Much of the oral argument was devoted to the related questions of (i) the limits of the government’s proposed Article III exception for domestic-law offenses; and (ii) how far al Bahlul’s own case actually deviated from previously recognized exceptions to Article III.
As I wrote yesterday, the government’s principal argument is that Congress can eliminate the judge and jury protections for trial of any federal offense (i) “committed by an enemy belligerent” (ii) “in the context of hostilities” (see pp. 35, 59 of the USG brief). Judge Tatel, however, pushed back hard on this “test,” because, as he explained, it would appear to permit military commission trials of virtually all conspiracies hatched by members of al Qaeda, ISIL, and other enemy forces, including those hatched here in the United States, all of which are regularly adjudicated in Article III courts. (It would also encompass an even larger number of “material support” cases involving enemy belligerents that are frequently tried in Article III courts. The MCA itself does not provide for jurisdiction over U.S. persons, but I don’t understand the government’s Article III theory to be limited to aliens.)

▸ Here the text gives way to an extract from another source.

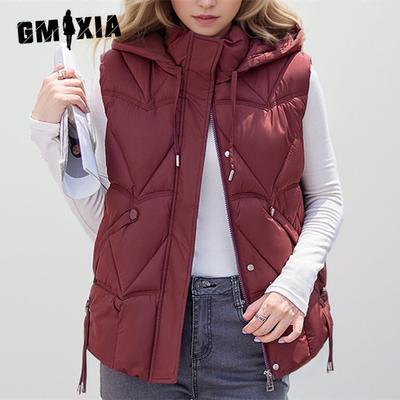 Women's Vintage Casual Solid Color Print Autumn Winter Sleeveless Hooded Jackets & Coats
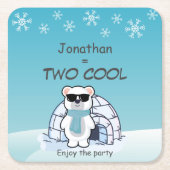 2nd Birthday Boy Two Cool Polar Bear Iglo   スクエアペーパーコースター (正面)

Deputy SG Gershengorn acknowledged that the court could sustain the conviction in this case on a narrower theory of an Article III exception, and Judge Kavanaugh actually proposed an additional, third condition, one that is suggested at page 51 of the government’s brief: that the offense is one that has “traditionally been triable by military commissions.” On Judge Kavanaugh’s apparent view of the history, this would encompass inchoate conspiracies to commit war crimes; and the court would not need to go further than to rule that those charges can be brought in commissions.
There is, of course, a great deal of dispute among the parties, and the amici, about what the relevant history shows: The government relies primarily on four cases — the Civil War trials of Henry Wirz and George St. Leger Grenfel; the World War II conspiracy conviction of the saboteurs in Ex parte Quirin; and the trial at issue in Colepaugh v. Looney, 235 F.2d 429 (10th Cir. 1956). (The Lincoln assassination case does not even come within the government’s own exception, as it did not deal with enemy belligerents.) As all concede, however, the Article III issue was not adjudicated with respect to any of the conspiracy convictions in those cases. Moreover, as Chief Judge Garland suggested today, the historical question that ought to be relevant is not so much what has occurred in four or so cases over 200+ years, but instead whether conspiracy to commit war crimes was, or would have been, triable by juries at the common law as of 1789. And, as Judge Garland noted, we don’t really have much of an answer to that question, because there don’t appear to have been any trials for inchoate conspiracies to commit war crimes in any sort of tribunal — civilian or military — in the Eighteenth Century.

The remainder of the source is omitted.